Crosspointe is a census-designated place in Fairfax County, Virginia, United States. The population as of the 2020 census was 5,722.

History 
On May 17, 1983, the William Lyon Company of Newport Beach, California, which owned the land that made up Crosspointe established the Crosspointe Village Homeowners' Association, a not for profit corporation, to provide services to Crosspointe's residents. Since then, the community has evolved into an upper middle class suburb of Washington, D.C.

Recreational and cultural activities 
The Crosspointe Community Center, located on Glen Eagles Lane (the headquarters of the Association), can be rented out for private parties.

Parks and recreation 
Crosspointe is home to several green spaces, with around 5 miles of trails.

Crosspointe is also near the Laurel Hill Golf Club in Lorton.

Crosspointe is about 1 mile from the Fairfax County Parkway Trail, about 3 miles from the Lakeridge Marina Waterfront Trail, and about 5 miles from the Bull Run Occoquan Trail. Crosspointe is also home to Heron Pond, a fishing pond.

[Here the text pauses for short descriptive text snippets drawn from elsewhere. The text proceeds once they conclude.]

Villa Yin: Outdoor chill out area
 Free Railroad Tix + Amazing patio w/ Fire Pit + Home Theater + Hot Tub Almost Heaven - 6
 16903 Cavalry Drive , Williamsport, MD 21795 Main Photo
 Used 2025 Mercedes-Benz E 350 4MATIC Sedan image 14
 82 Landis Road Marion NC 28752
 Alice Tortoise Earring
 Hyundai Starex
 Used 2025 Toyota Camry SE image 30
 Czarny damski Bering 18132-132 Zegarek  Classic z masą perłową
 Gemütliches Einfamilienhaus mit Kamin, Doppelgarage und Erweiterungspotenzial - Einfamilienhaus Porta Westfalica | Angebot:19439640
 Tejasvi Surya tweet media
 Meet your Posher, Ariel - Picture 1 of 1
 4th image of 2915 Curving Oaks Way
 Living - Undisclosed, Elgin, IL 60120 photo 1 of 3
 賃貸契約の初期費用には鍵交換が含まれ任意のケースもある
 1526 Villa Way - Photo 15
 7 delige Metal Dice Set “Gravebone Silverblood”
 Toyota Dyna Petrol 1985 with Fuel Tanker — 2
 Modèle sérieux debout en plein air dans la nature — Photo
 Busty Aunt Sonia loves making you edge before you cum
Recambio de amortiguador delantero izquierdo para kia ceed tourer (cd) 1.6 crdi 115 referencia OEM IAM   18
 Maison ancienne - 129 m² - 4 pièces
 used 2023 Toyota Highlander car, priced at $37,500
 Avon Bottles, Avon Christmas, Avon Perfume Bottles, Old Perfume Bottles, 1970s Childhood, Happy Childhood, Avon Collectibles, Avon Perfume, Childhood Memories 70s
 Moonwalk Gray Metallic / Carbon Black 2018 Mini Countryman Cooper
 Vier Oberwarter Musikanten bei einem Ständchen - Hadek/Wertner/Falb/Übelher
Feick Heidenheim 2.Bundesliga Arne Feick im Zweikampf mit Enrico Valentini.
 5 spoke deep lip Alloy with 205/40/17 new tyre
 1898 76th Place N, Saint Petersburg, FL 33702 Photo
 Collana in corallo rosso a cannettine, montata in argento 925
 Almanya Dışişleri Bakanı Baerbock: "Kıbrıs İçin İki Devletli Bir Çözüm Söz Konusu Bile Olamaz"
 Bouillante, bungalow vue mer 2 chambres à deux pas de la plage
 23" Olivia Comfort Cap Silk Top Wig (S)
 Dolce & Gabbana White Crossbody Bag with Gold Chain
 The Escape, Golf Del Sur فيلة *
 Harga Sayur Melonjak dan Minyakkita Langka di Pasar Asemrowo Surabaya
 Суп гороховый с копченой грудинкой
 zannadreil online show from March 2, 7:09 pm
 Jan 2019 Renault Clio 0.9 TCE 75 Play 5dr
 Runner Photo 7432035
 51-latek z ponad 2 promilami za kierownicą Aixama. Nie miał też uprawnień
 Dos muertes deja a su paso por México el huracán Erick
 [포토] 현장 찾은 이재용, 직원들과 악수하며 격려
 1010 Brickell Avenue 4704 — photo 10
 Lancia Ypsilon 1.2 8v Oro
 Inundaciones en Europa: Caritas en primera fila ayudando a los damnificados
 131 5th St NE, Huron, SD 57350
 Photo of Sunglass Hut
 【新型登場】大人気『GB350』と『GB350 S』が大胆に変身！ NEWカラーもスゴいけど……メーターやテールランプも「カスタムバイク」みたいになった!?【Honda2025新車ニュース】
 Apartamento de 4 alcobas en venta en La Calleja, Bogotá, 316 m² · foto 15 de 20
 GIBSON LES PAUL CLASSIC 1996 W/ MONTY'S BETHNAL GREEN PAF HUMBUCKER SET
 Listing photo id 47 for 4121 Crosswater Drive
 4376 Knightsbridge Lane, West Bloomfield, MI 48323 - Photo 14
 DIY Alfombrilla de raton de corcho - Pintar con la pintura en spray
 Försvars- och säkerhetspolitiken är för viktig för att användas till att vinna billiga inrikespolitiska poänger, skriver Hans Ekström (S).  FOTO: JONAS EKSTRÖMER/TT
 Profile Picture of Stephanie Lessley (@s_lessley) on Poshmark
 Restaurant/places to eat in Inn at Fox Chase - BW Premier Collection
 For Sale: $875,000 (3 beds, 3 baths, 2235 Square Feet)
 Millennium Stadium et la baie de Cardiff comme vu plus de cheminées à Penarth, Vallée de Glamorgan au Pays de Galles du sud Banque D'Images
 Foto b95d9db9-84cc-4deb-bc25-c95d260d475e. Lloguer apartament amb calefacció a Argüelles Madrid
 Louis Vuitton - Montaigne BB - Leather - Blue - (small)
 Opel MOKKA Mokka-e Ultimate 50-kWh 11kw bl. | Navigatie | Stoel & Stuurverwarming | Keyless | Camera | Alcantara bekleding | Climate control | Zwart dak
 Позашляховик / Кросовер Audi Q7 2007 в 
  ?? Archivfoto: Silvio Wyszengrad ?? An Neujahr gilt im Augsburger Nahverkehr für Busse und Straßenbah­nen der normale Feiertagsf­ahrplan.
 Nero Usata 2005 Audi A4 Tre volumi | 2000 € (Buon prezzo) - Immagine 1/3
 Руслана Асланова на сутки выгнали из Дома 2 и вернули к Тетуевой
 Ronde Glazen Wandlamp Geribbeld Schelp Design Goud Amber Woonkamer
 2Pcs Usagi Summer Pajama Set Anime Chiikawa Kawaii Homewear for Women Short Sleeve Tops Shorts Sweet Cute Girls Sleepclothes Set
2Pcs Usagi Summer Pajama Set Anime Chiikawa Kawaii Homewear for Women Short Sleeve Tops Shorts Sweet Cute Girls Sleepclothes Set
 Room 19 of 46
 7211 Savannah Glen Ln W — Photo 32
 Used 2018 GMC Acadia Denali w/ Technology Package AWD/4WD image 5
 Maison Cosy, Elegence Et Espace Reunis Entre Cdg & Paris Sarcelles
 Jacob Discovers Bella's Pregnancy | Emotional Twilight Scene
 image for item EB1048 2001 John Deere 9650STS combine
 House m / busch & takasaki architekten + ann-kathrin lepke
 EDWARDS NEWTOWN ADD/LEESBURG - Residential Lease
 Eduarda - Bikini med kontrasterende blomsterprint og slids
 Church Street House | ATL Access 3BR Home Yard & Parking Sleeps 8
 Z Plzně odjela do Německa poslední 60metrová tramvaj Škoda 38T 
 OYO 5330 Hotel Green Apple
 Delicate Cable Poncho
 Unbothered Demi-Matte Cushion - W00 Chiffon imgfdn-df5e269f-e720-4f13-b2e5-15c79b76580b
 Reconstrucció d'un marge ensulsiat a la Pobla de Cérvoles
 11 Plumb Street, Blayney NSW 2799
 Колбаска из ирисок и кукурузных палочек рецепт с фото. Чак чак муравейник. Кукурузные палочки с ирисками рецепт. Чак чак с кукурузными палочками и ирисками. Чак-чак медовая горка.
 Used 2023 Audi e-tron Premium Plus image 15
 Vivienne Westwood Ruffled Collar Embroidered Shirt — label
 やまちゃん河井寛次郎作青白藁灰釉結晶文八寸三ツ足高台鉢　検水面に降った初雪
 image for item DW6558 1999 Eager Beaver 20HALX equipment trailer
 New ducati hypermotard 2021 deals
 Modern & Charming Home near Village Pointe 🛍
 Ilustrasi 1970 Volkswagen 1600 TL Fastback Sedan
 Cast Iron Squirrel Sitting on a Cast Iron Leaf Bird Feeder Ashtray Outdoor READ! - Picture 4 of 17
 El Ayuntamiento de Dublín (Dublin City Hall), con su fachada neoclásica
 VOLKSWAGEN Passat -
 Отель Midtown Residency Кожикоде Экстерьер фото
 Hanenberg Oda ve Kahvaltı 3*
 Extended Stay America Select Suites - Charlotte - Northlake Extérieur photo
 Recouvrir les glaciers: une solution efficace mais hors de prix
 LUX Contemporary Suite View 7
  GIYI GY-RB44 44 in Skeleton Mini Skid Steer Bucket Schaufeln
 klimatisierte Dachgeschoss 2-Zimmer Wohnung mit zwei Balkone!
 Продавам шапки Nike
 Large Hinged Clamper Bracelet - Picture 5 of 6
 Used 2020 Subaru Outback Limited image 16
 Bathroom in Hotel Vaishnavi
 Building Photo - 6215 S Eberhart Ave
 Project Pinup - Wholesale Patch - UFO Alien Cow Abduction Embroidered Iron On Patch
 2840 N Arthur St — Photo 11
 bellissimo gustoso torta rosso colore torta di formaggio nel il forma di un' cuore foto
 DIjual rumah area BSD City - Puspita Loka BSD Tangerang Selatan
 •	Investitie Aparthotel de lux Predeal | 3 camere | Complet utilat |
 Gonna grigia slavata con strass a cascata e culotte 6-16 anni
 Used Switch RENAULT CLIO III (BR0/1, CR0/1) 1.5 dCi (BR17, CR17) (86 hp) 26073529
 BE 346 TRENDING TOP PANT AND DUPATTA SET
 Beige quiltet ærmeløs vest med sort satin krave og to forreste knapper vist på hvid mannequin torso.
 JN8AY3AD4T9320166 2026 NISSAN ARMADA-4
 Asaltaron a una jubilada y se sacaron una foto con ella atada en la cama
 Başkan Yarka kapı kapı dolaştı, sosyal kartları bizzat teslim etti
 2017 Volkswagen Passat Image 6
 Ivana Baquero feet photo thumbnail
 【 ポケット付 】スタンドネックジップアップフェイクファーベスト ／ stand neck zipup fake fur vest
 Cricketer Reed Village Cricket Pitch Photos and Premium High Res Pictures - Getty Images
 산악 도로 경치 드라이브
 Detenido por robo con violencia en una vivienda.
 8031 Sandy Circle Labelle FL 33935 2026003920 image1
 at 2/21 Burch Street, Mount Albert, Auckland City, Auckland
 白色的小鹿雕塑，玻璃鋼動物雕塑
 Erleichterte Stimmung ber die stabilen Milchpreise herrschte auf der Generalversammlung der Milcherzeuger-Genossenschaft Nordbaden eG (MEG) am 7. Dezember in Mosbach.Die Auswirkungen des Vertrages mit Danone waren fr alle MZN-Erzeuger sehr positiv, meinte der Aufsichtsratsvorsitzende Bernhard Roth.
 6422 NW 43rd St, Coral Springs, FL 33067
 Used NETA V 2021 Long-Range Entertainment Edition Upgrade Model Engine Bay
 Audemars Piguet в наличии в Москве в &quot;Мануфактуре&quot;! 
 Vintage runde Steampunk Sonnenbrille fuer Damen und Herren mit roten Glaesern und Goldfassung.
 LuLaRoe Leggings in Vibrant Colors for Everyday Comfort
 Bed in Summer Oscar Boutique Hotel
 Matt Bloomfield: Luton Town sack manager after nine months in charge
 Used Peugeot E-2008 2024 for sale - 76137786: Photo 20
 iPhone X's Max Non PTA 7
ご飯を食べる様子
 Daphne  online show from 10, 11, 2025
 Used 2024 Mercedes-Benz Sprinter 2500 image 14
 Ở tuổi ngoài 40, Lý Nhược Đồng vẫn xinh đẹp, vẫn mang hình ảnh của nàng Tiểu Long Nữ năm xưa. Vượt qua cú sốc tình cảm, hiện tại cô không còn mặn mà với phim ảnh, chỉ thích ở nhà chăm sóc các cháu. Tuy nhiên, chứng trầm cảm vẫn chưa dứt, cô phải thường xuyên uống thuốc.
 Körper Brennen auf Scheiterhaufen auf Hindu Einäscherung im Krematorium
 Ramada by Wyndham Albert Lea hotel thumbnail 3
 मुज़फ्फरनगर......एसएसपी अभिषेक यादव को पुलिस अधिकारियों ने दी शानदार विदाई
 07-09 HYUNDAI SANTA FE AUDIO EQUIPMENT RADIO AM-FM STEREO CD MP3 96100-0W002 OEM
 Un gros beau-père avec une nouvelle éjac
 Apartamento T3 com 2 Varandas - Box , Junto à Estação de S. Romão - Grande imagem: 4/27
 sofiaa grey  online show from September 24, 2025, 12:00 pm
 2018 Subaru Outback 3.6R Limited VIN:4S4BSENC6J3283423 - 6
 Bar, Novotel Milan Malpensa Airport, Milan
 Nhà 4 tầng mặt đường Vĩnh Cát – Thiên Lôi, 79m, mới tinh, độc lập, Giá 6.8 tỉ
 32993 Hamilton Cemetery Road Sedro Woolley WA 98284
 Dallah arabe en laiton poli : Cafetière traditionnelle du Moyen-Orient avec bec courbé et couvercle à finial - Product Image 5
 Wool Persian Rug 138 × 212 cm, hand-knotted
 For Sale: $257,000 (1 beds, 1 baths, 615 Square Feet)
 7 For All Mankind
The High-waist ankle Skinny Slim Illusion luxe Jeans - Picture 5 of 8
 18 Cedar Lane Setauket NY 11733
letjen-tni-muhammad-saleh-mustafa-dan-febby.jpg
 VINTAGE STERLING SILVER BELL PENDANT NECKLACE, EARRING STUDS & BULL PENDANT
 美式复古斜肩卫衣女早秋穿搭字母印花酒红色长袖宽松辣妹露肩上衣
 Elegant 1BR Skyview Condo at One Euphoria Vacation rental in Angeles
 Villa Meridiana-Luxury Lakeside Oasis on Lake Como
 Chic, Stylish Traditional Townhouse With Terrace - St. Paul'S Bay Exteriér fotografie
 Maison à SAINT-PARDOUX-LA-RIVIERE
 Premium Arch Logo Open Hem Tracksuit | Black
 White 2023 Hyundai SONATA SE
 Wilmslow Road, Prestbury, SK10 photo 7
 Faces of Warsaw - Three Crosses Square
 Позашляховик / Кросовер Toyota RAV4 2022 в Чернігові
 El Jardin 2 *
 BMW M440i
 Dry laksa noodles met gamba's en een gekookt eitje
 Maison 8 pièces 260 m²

Giles Run, a tributary of the Occoquan River, begins at Heron Pond in Crosspointe and flows 6 miles to the southeast, ending at the Occoquan River in Mason Neck.

Crosspointe is home to two pools, one adjacent the clubhouse on Glen Eagles Lane, and another on Oak Chase Circle, which also has two tennis courts on the grounds.

Transportation 
Two major state highways directly serve Crosspointe: Virginia State Route 123 (Ox Road), which forms the northeastern boundary and also connects the CDP to Fairfax, Virginia State Route 286 (Fairfax County Parkway), and Virginia State Route 620 (Braddock Road) in the west, and Woodbridge, Interstate 95, and U.S. Route 1 in the east; and Virginia State Route 600 which connects Crosspointe to Lorton and Lorton Road in the east.

Geography 
It is located in southeast Fairfax County on the northeast side of Virginia Route 123,  north of Woodbridge and  south of Fairfax. It is bordered to the north by the South Run CDP, to the northeast by the Newington Forest CDP, and to the southeast by the Laurel Hill CDP. According to the U.S. Census Bureau, Crosspointe has a total area of , of which  is land and , or 0.84%, is water. The CDP border is defined as Ox Road to the southwest, Hooes Road to the east, and South Run to the north.

Climate 
The climate in this area is characterized by hot, humid summers and generally mild to cool winters. According to the Köppen Climate Classification system, Crosspointe has a humid subtropical climate, abbreviated "Cfa" on climate maps.

Government 
Crosspointe is a census-designated place within Fairfax County; therefore, schools, roads, and law enforcement are provided by the county.

Board of directors 
The board is the legislative branch of the community government, led by the president, currently Howard Kaufer, and the vice-president, currently Larry Rice. According to the CC&Rs, the Association has the power to do anything a corporation "organized under the laws of the State of California" may lawfully do in order to maintain the peace, health, comfort, safety, general welfare of its members, subject to the regulations set forth in the CC&Rs. The Association may also construct, renovate, and landscape the Common Property and employ personnel to perform such activities.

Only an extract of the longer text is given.